Your goal:
Print the lines that start the entries and continue through the one holding "Toasted Italian Sandwich ingredients flatlay", please, exactly and with the pictures omitted.

[Dataset items]
######
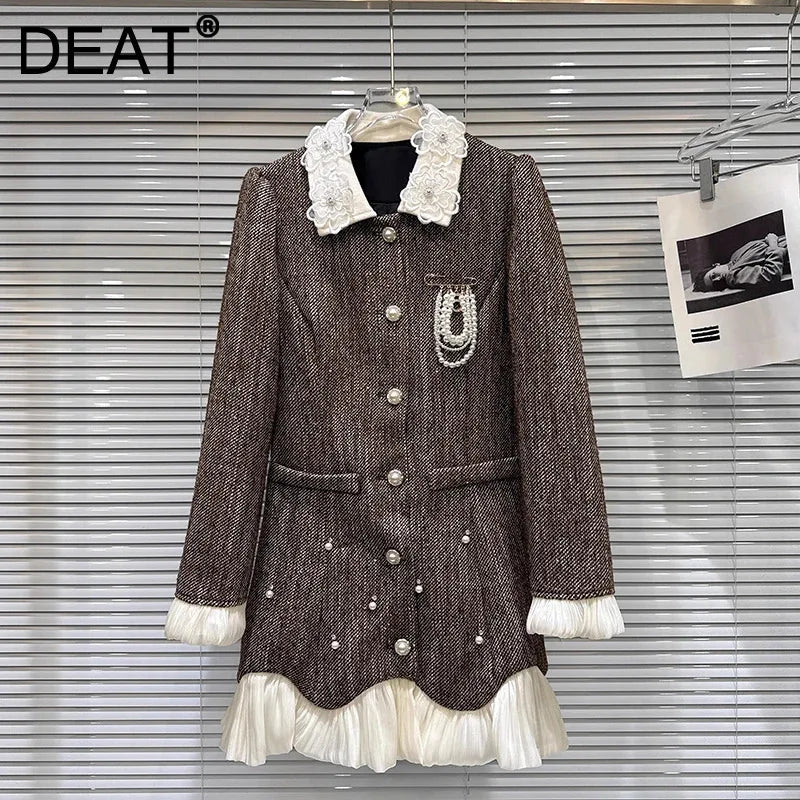 Winter New Fashion Temperament Style Chiffon Edge Bead Chain Brooch Cotton Inner Dress For Women Long Coat 11A07867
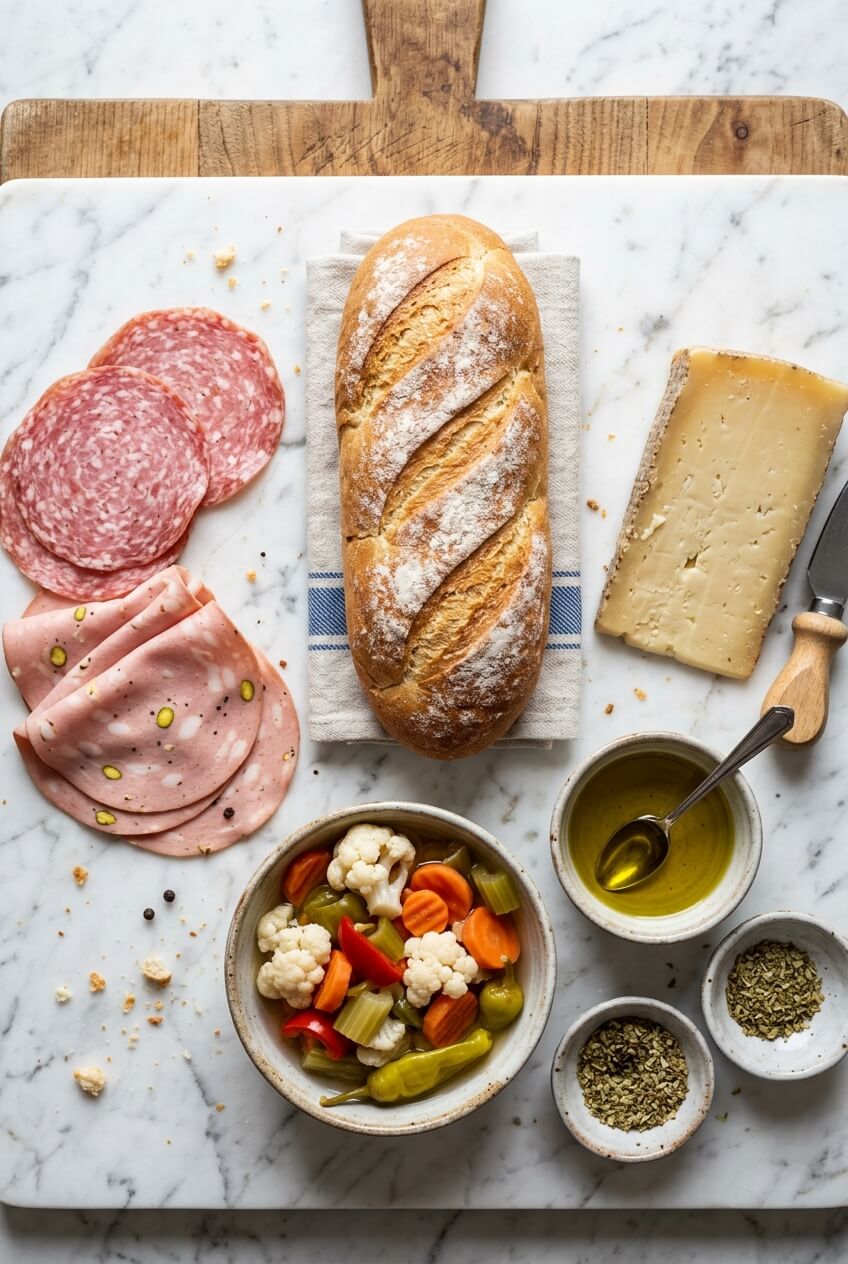 Toasted Italian Sandwich ingredients flatlay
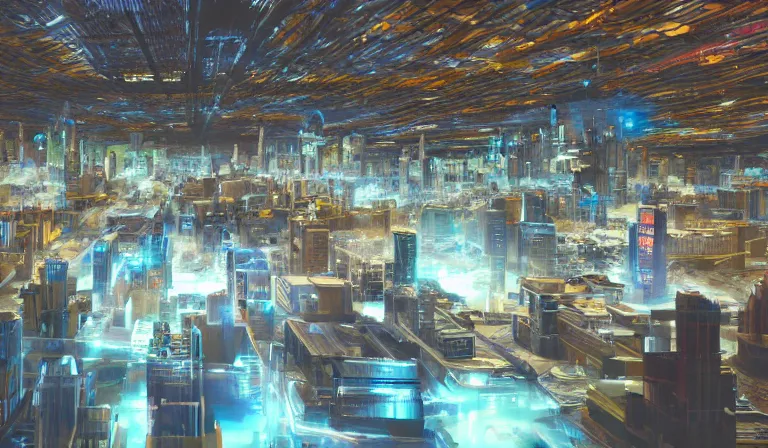 Image similar to large group people in a frame warehouse, looking at hologram of futuristic city on a table, cinematic concept art, godrays, golden hour, natural sunlight, 4 k, clear details, tabletop model buildings, center model buildings, hologram center, crane shot, crane shot, crane shot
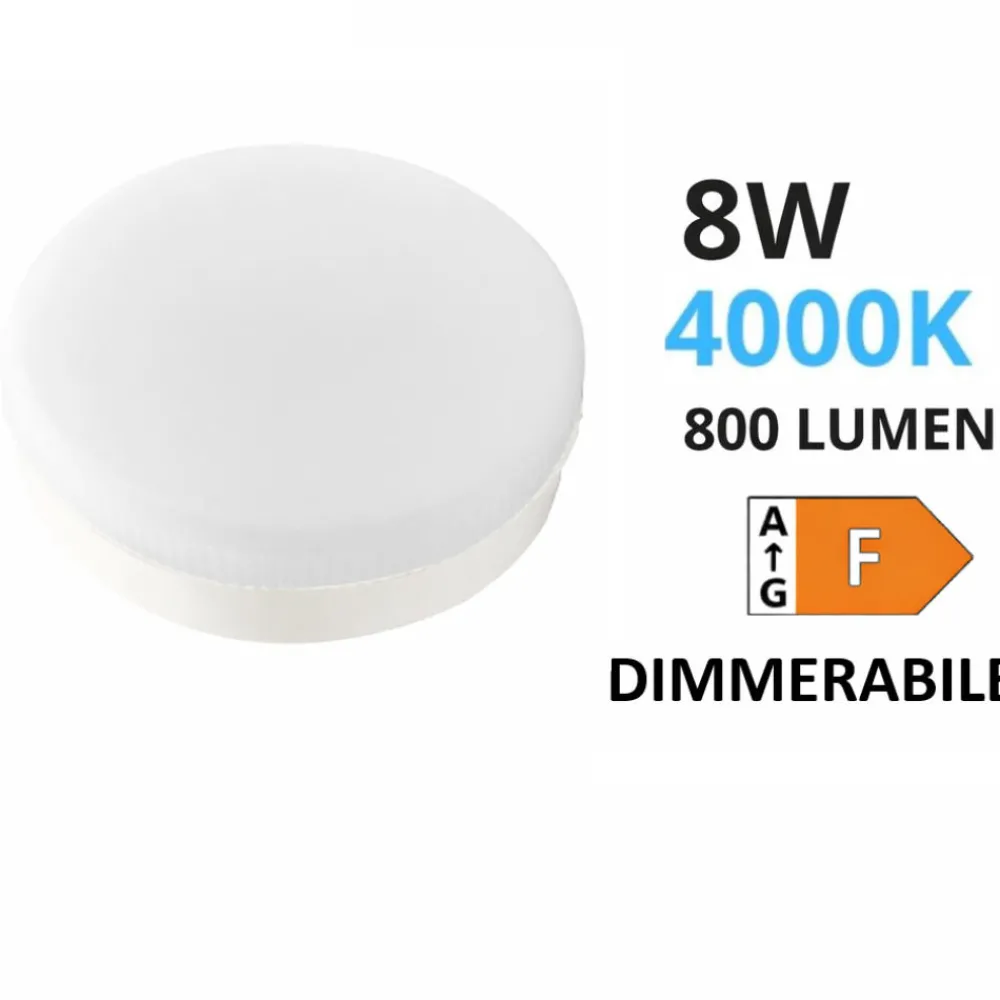 Lampadine Led-Top Light Lampadaina gx53 led 8w 4000k 800 lumen dimmerabile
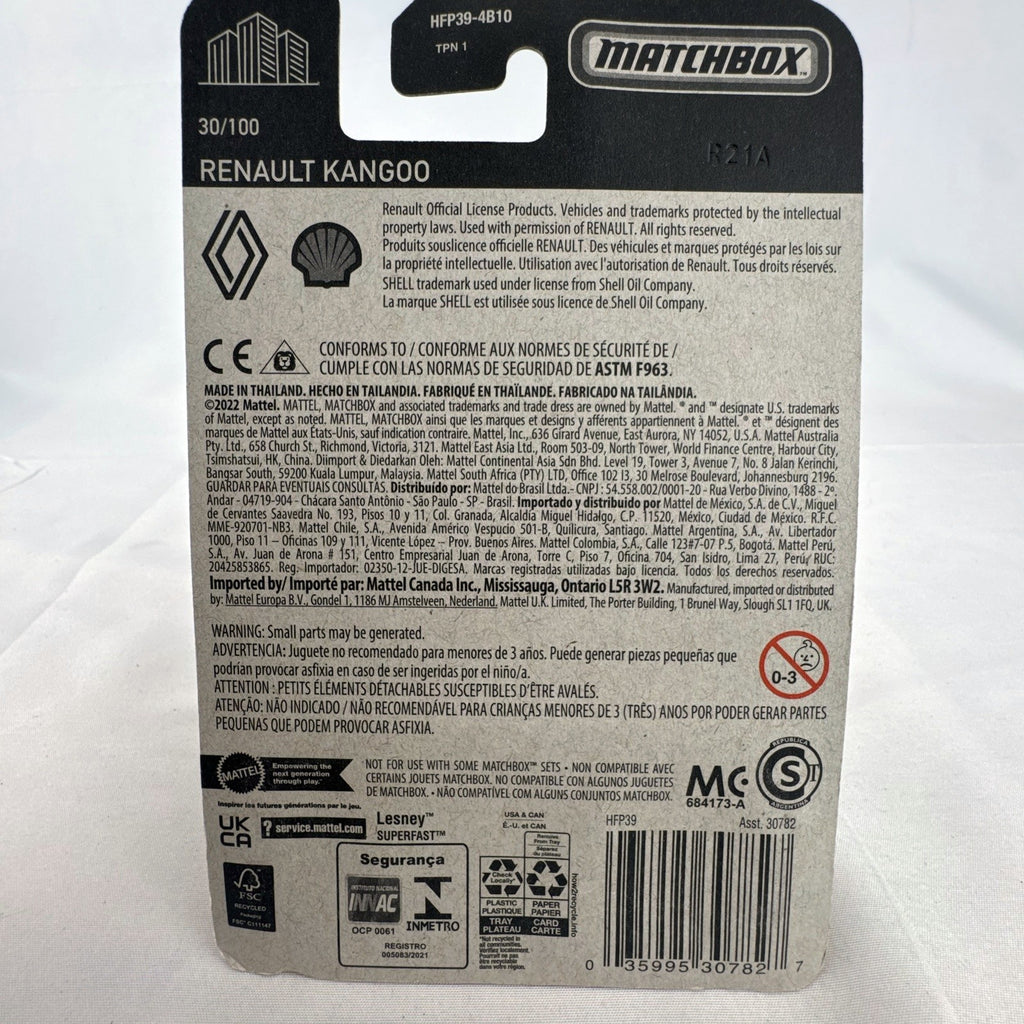 Matchbox 1:64 diecast 2018 Renault Kangoo Express van in white with Shell Oil Service livery, sealed on original card.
######
Answer box:
 Winter New Fashion Temperament Style Chiffon Edge Bead Chain Brooch Cotton Inner Dress For Women Long Coat 11A07867
 Toasted Italian Sandwich ingredients flatlay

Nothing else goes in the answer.